08/12/2009, 02:29 PM

(08/12/2009, 12:37 PM)Gottfried Wrote: Hi Jay,Actually, since I'm trying to find the Taylor series, I don't worry about the factorials. So I work directly with the matrix above, where the first row is [1 -2 4 -8 16].

there is a simple recursion formula, with which you can generate the inverse matrix.
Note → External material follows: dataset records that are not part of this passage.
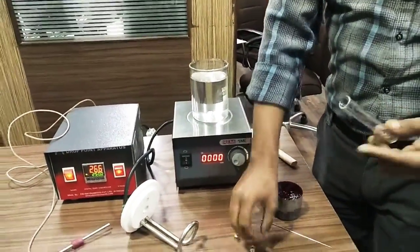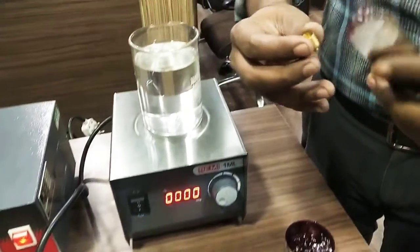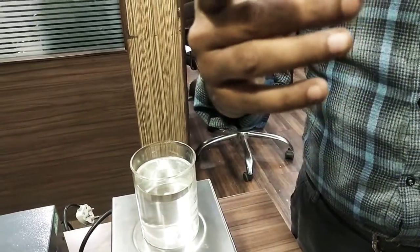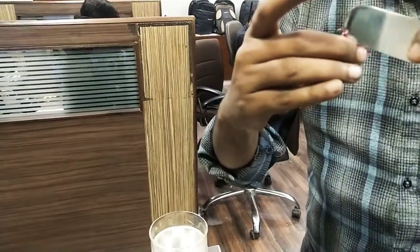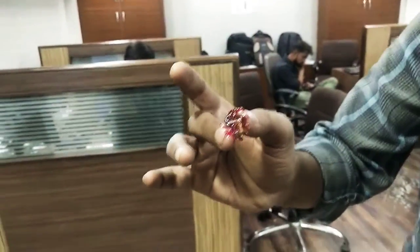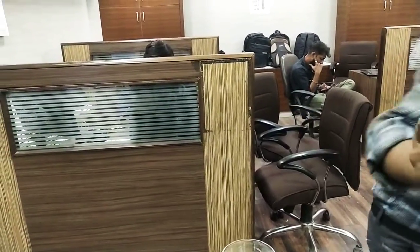We have to fill the sample in the grease cup. We have to make sure that the bottom hole is filled with grease. After that we have to clean the excess grease. Now the bottom cloth.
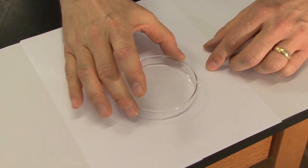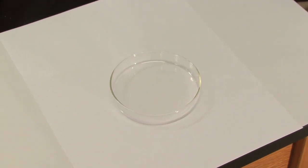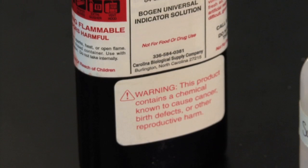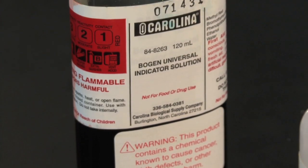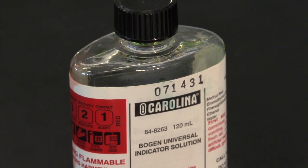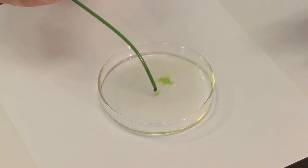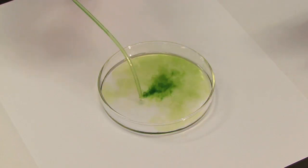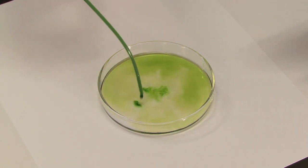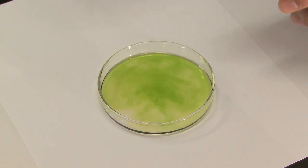Okay, we have our glass petri dish here and I'm going to start by just adding a little bit of water. Then add a few drops of universal indicator. This is a good time to also talk about the safety precautions, because really the only safety precautions we have to worry about here are with the universal indicator. Universal indicator is an alcohol solution — you can see as I'm adding it, some of the ethyl alcohol is evaporating.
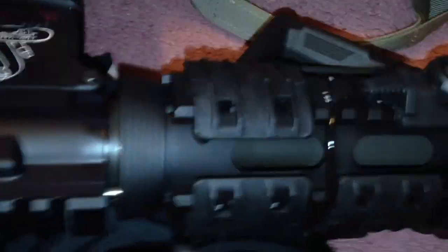These are the Magpul rail covers. I also have the BCM Gunfighter Mod 3 charging handle, and I think that's it.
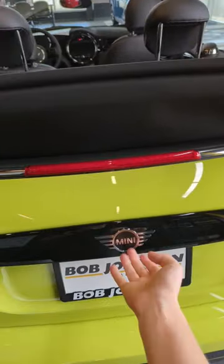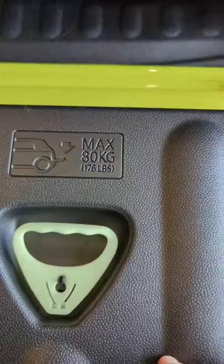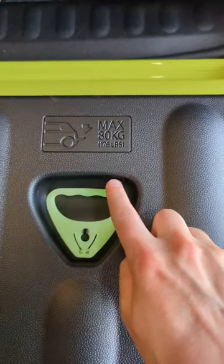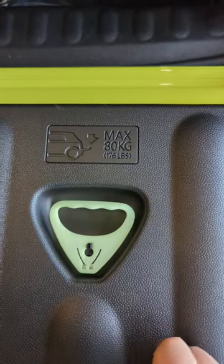Do you ever wonder what the max payload capacity of a Mini Cooper convertible boot lid is? Well, you're gonna find out anyways, so let's take a look. We open it up here, pull it down. There is the max capacity you can put on the boot lid itself — it folds down. It's 80 kilograms, or 176 freedom units.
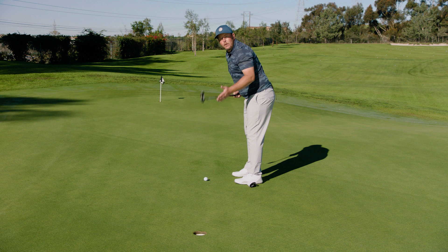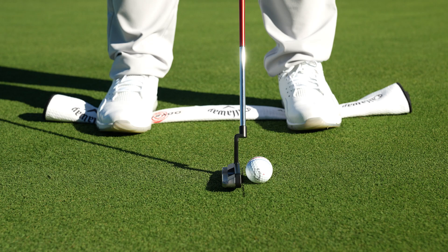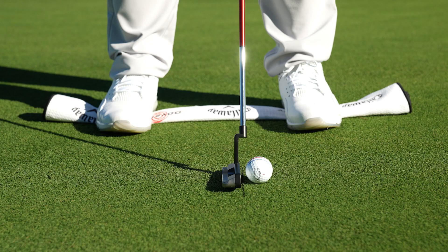Good balance is key to good centerness of contact. So once I feel nice and balanced on the towel, I'm just going to go ahead and line up my putter right in the middle of the face and make a nice balanced stroke.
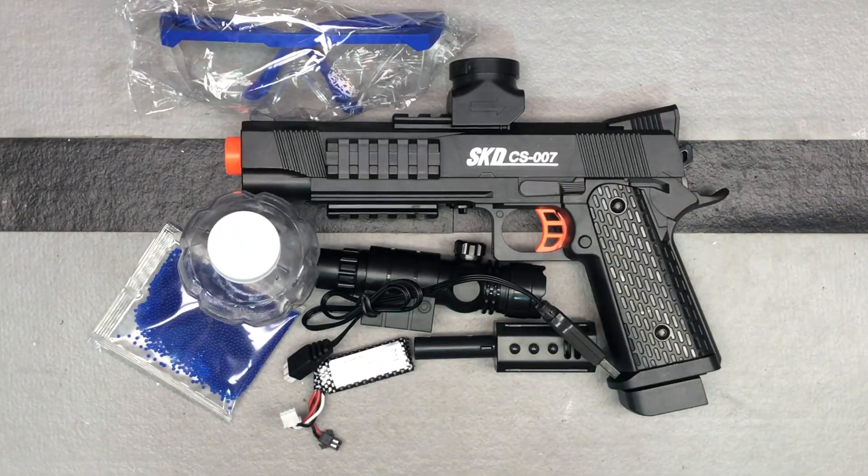Got a nice gel blaster here from ACINA USA — that's A-C-I-N-A. I've shown some gel beads from ACINA before, but this is the first gel blaster I've seen from them, so I think we're going to see more. This is their SKD model, kind of a 1911-style gel ball blaster, so let's check it out and see everything that's included and get it ready to fire.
I used the description at wikipedia for the stencils,

Code:`f(x-2h)= f(x) -2h f'(x)/1! + 4h^2 f''(x)/2! - 8h^3*f'''(x)/3! + 16h^4*f''''(x)/4!`

f(x-h) = f(x) -1h f'(x)/1! + 1h^2 f''(x)/2! - 1h^3*f'''(x)/3! + 1h^4*f''''(x)/4!

f(x) = f(x) 0 0 0 0

f(x+h) = f(x) +1h f'(x)/1! + 1h^2 f''(x)/2! + 1h^3*f'''(x)/3! + 1h^4*f''''(x)/4!

f(x+2h)= f(x) +2h f'(x)/1! + 4h^2 f''(x)/2! + 8h^3*f'''(x)/3! + 16h^4*f''''(x)/4!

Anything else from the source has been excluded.